| Task to carry out |
Exactly transcribe the span of lines from the one containing "French 1750s Louis" through the final line of the entries, inclusive, and nothing outside it. Exclude the pictures.

[Brief descriptive captions]
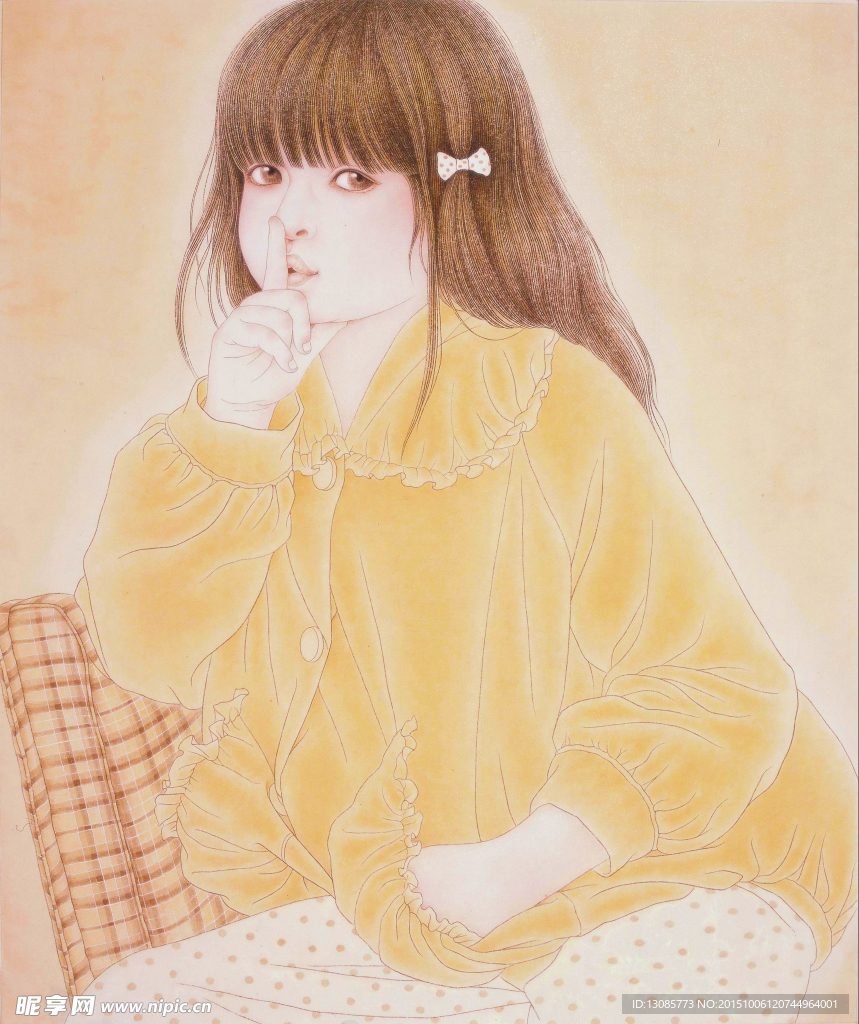 付洛红人物工笔画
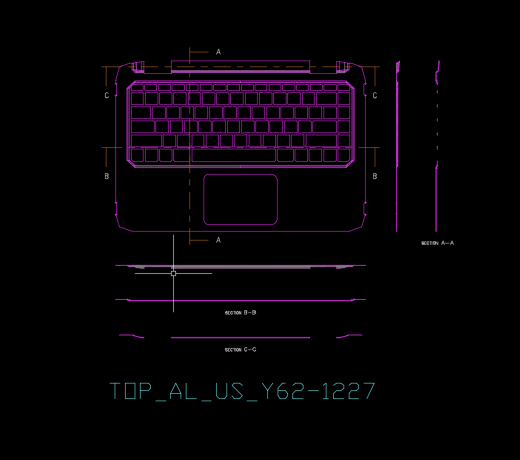 笔记本键盘外壳冲压工艺图缩略图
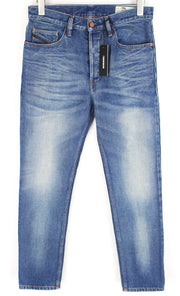 DIESEL Mens Jeans W29/L32 Tapered Light Blue Button-Fly D-Aygle 0076Y Cotton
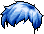 Black Clean-Cut Short Hair, blue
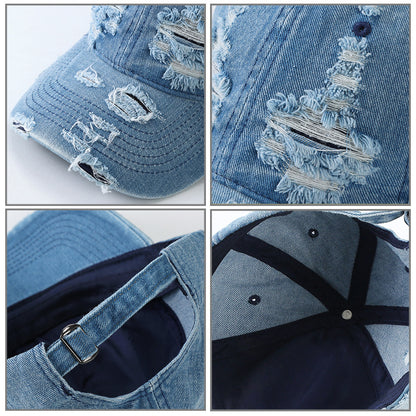 Denim Ripped Baseball Cap Hip Hop Cool Buy Center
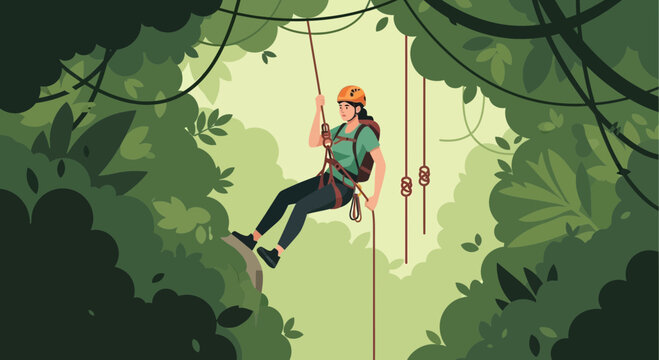 Adventurous woman rappelling down in lush tropical jungle environment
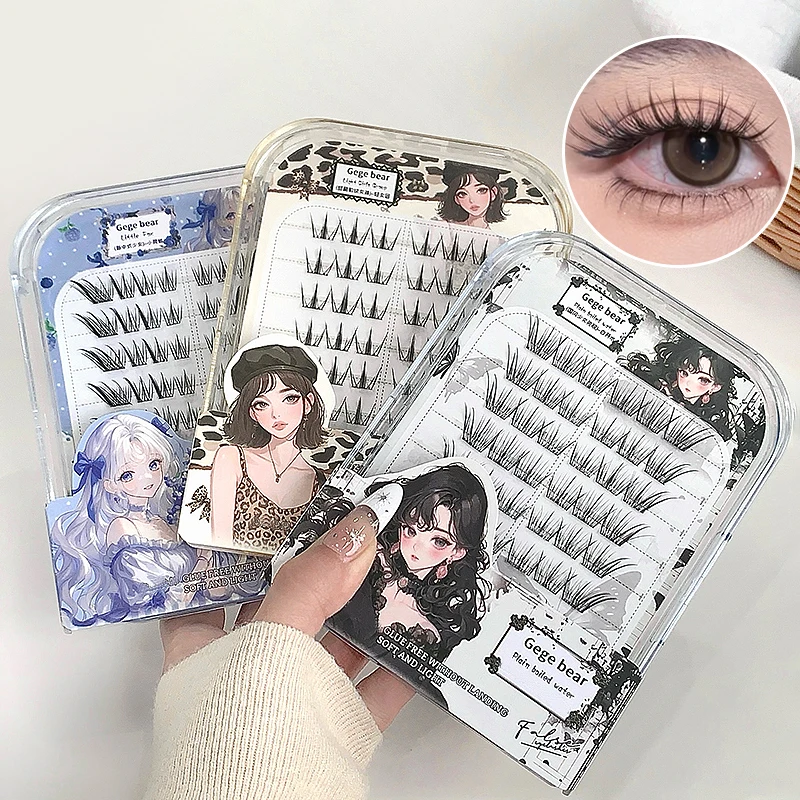 DIY Kleberfreie künstliche Wimpern mit feinen Stielen, weich, natürlich, für Anfänger, tägliches Make-up, Schönheitswerkzeuge, selbstklebende künstliche Wimpern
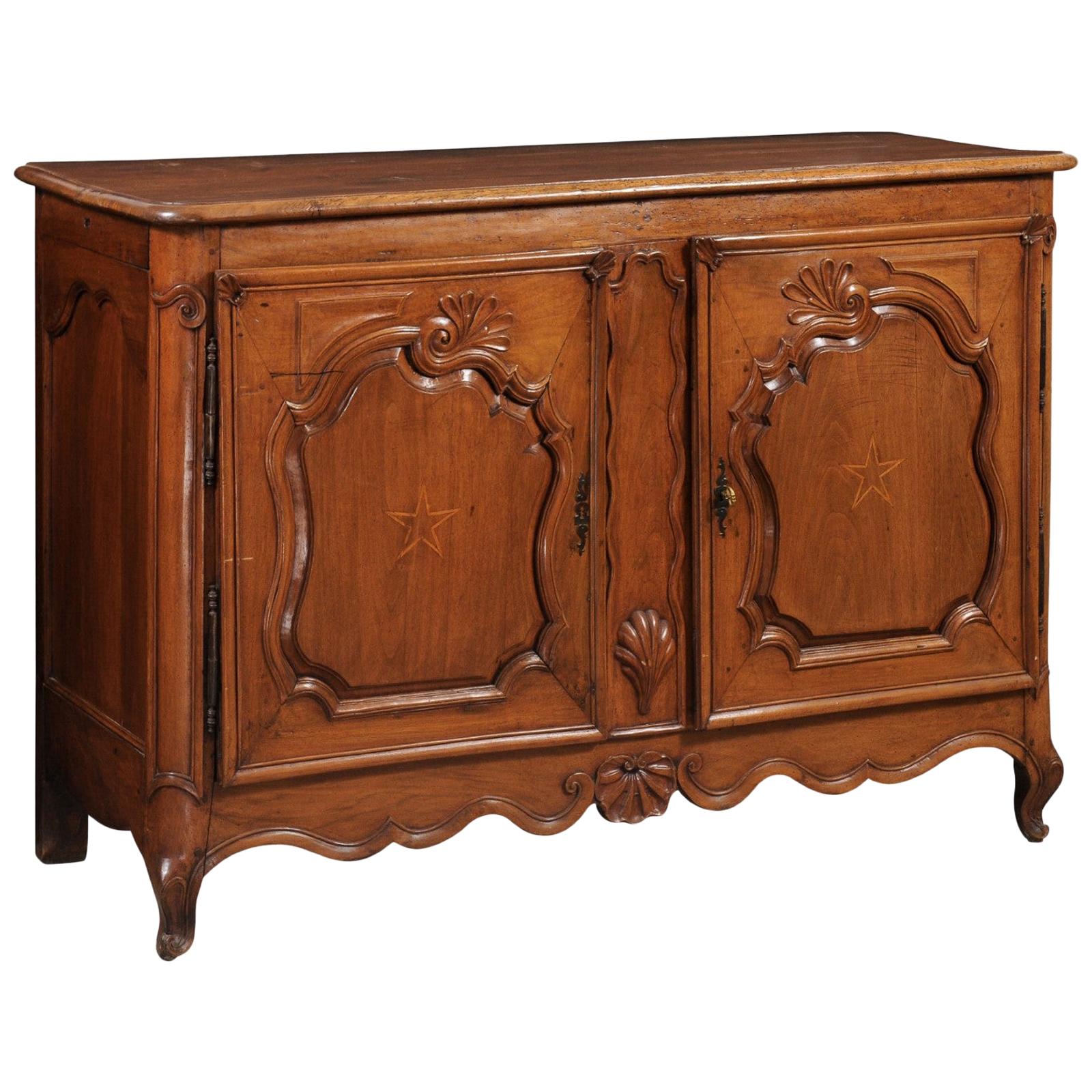 French 1750s Louis XV Period Walnut Buffet with Star Inlay and Carved Shells For Sale
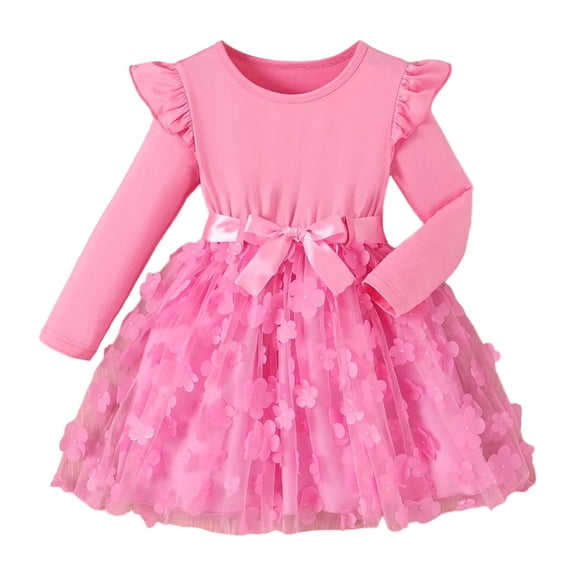 Angala Girls Elegant Long Sleeve Dress With Layered Skirt Flutter Sleeve Bow Belt Party Gown Soft Stylish Girl's Dress 2-3 Years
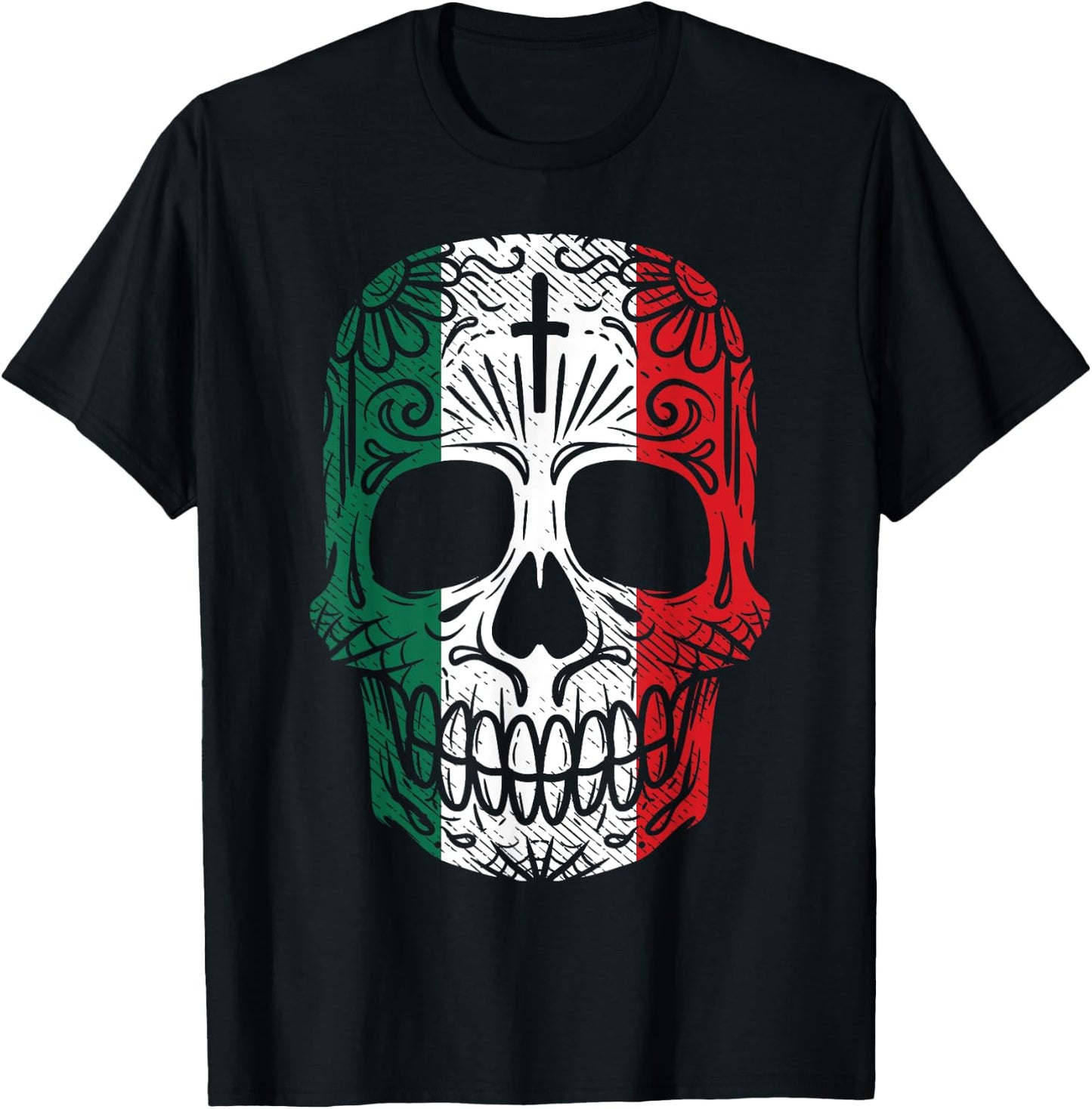 Sugar Skull Mexican Flag Cinco De Mayo Dia De Los Muertos T-Shirt - T-Shirt | Black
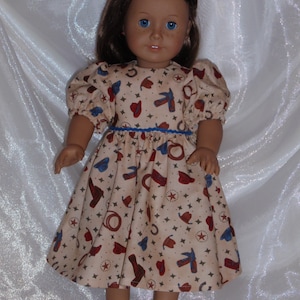 18 Inch Doll Western Print Short Sleeved Cotton Dress, 18&quot; Doll Clothes, AG Doll Clothes, Girl Doll Clothes, Birthday Present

| Solution to this problem |
 French 1750s Louis XV Period Walnut Buffet with Star Inlay and Carved Shells For Sale
 Angala Girls Elegant Long Sleeve Dress With Layered Skirt Flutter Sleeve Bow Belt Party Gown Soft Stylish Girl's Dress 2-3 Years
 Sugar Skull Mexican Flag Cinco De Mayo Dia De Los Muertos T-Shirt - T-Shirt | Black
 18 Inch Doll Western Print Short Sleeved Cotton Dress, 18&quot; Doll Clothes, AG Doll Clothes, Girl Doll Clothes, Birthday Present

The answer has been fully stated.